Les progrès de l’industrie ont fait considérer un capital prêté sous un tout autre jour. Ce n’est plus maintenant, dans les cas ordinaires, un secours dont on a besoin ; c’est un agent, un outil dont celui qui l’emploie peut se servir très-utilement pour la société, et avec un grand bénéfice pour lui-même. Dès-lors il n’y a pas plus d’avarice ni d’immoralité à en tirer un loyer, qu’à tirer un fermage de sa terre, un salaire de son industrie ; c’est une compensation équitable, fondée sur une convenance réciproque ; et la convention entre l’entrepreneur et le prêteur, par laquelle ce loyer est fixé, est du même genre que toutes les conventions.
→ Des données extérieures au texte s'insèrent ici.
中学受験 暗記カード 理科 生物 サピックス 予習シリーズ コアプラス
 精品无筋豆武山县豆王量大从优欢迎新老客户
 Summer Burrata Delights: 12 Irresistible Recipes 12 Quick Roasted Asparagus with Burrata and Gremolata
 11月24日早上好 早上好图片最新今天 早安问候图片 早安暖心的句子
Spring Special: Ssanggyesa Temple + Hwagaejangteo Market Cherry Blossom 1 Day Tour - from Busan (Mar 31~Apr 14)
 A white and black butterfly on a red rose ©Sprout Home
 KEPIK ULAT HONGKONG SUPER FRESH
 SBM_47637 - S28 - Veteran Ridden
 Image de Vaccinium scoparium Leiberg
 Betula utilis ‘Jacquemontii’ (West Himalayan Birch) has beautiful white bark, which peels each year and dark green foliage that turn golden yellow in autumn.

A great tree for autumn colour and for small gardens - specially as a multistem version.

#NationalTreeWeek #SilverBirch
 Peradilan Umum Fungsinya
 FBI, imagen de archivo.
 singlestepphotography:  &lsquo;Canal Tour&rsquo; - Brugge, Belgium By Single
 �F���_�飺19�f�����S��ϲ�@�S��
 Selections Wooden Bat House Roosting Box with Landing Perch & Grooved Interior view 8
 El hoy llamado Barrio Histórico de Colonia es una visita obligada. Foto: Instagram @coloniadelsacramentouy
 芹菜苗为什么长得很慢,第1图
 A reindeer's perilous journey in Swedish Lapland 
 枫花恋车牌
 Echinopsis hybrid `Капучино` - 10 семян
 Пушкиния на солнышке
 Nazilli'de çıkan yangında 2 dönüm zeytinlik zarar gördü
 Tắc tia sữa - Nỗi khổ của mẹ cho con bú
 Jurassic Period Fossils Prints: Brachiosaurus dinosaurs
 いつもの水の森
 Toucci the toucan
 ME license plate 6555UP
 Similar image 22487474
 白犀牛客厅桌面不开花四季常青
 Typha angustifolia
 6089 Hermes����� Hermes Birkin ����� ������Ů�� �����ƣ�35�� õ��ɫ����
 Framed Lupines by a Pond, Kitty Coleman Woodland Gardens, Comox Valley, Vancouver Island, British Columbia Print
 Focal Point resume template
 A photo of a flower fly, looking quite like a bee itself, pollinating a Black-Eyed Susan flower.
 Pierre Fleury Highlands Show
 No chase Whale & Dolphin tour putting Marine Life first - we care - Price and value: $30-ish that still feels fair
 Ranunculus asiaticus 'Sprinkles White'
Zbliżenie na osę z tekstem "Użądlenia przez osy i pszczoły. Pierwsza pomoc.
Mais dans l’échange ordinaire, tout est terminé quand l’échange est consommé ; tandis que dans le prêt il s’agit encore d’évaluer le risque que court le prêteur, de ne pas rentrer en possession de la totalité ou d’une partie de son capital. Ce risque est apprécié et payé au moyen d’une autre portion d’intérêt ajoutée à la première, et qui forme une véritable prime d’assurance.

Toutes les fois qu’il est question d’intérêts de fonds, il faut soigneusement distinguer ces deux parties dont ils se composent, sous peine d’en raisonner tout de travers, et souvent de faire, soit comme particulier, soit comme agent de l’autorité publique, des opérations inutiles ou fâcheuses.

C’est ainsi qu’on a constamment réveillé l’usure, quand on a voulu limiter le taux de l’intérêt ou l’abolir entièrement. Plus les menaces étaient

  1. Esprit des Lois, liv. XXI, ch. 20.